Oxana ha lasciato Kiev appena in tempo. Si è messa in viaggio di primo mattino e ha raggiunto il paese di sua madre, che è vicino alla frontiera con la Polonia. Lì si sente più al sicuro anche se lasciare l’Ucraina da ieri pomeriggio è diventato difficilissimo. I russi sono entrati nella regione della capitale e hanno preso il controllo di un aeroporto. «Non siamo neofascisti e non c’è nessun genocidio. Da otto anni va avanti la guerra per il Donbass e sono morti anche migliaia di ucraini. Quella di Putin è una vera e propria invasione e l’Europa deve essere
unita. Lui minaccia tutti, ma averne paura non è la soluzione». Ludmilla, la mamma di Oxana, è un’ingegnere meccanico. È in Italia da 20 anni, vive a Isernia dove lavora come badante.
«Noi i russi li abbiamo sempre rispettati, parliamo anche in russo con loro. Non ci sia aspettava questo accerchiamento, bombardamenti ovunque. Putin vuole ricostruire l’impero russo. Noi vogliamo vivere liberi e indipendenti. Se l’Europa non risponde unita e con forza, la storia sarà cambiata», dice con coraggio. Non nasconde, certo, di essere molto preoccupata.

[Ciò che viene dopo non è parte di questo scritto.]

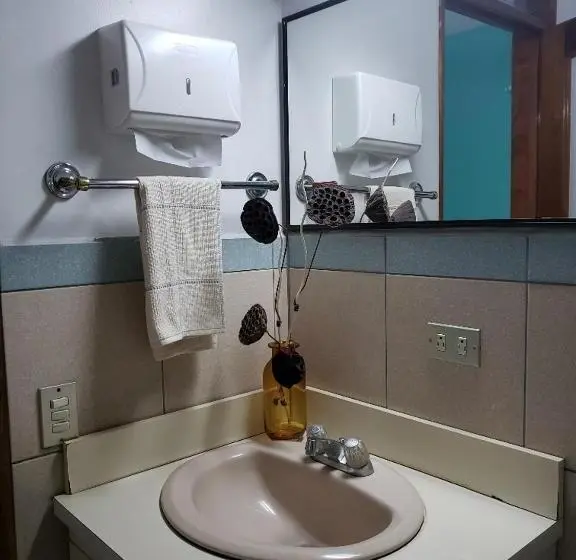 اتاق اکونومی, Hostal Casa Azul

Maria è in Italia dal 2002, quando è arrivata il suo Paese non era molto conosciuto, «mi chiamavano Maria la russa». In Ucraina ha lasciato tre figlie: due dottoresse e un’avvocatessa che sono sposate e le hanno già regalato dei nipotini. Sono venute spesso a trovarla, lei abita a Campobasso, e sono state anche al mare, a Termoli e Vasto. «È dalle 4 di stamattina (ieri mattina, ndr) che sono sveglia e con il telefonino in mano. La paura, dopo che mi hanno avvisato di quello che stava accadendo, era che si interrompessero le comunicazioni e, quindi, di non riuscire più a sentirci. Per fortuna non è successo». La sua città, a confine con la Polonia, è stata bombardata. La sua famiglia non si è organizzata per andare via. «Non pensavamo che questa guerra, che dura da otto anni, arrivasse alle porte dell’Europa, la storia non ci ha insegnato nulla», dice smarrita. «Il mio cuore di mamma e di nonna sta soffrendo molto e ho sentito anche gli altri membri della comunità ucraina nel capoluogo. Siamo tutti impauriti, sconvolti e impotenti. L’unica cosa che possiamo fare è pregare».